A multivariable model adjusted for age, race, drug injection, HCV coinfection, HIV load above 500, and CNICS site identified five independent predictors of incident syphilis at the following adjusted odds ratios (aOR) and 95% confidence intervals (CI):
-- Drug injection as HIV risk factor: aOR 2.2, 95% CI 1.3 to 3.9, P < 0.01
-- Black vs white race: aOR 2.2, 95% CI 1.3 to 3.7, P < 0.01
-- HCV coinfection: aOR 1.9, 95% CI 1.1 to 3.4, P = 0.02
-- Initial CNICS visit 2005-2010 vs 1994-2004: aOR 1.9, 95% CI 1.2 to 2.9, P < 0.01
-- Initial CNICS visit 2011-2016 vs 1994-2004: aOR 2.3, 95% CI 1.4 to 4.0, P < 0.01
Younger age tended to boost odds of newly diagnosed syphilis (18-29 vs 50+ years, aOR 1.9, 95% CI 0.9 to 3.6, P = 0.08).
An analysis limited to women 18 to 49 years old confirmed these same risk factors, except the odds for first CNICS visit in 2005-2010 or 2011-2016 versus 1994-2004 rose to 3.0 and 3.4. And another risk factor joined the list: An HIV load above 500 copies boosted incident syphilis odds 60% (aOR 1.60, 95% CI 1.0 to 2.5, P = 0.04).
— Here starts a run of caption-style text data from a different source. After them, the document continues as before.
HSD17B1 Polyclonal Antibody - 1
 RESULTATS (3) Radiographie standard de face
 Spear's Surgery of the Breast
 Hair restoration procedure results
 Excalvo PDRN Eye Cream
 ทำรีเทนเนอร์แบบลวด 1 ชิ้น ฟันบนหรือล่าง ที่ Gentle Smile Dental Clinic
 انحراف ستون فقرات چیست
CNICS investigators believe their findings "support an intersection between the syphilis epidemic and the drug use epidemic among women in the US." They noted that the link between incident syphilis and drug use may be mediated by transactional sex or sex networks. The researchers stressed that pregnant women run a particularly high risk of adverse outcomes from syphilis and suggested that "current syphilis screening recommendations may be inadequate."
1. Dionne-Odom J, Westfall A, Mugavero MJ, et al. Incident syphilis rates and predictors in US women with HIV, 2005-2016. Conference on Retroviruses and Opportunistic Infections (CROI). March 4-7, 2019. Seattle. Abstract 47.
2. Kidd SE, Grey JA, Torrone EA, Weinstock HS. Increased methamphetamine, injection drug, and heroin use among women and heterosexual men with primary and secondary syphilis - United States, 2013-2017. MMWR Morb Mortal Wkly Rep. 2019;68:144-148.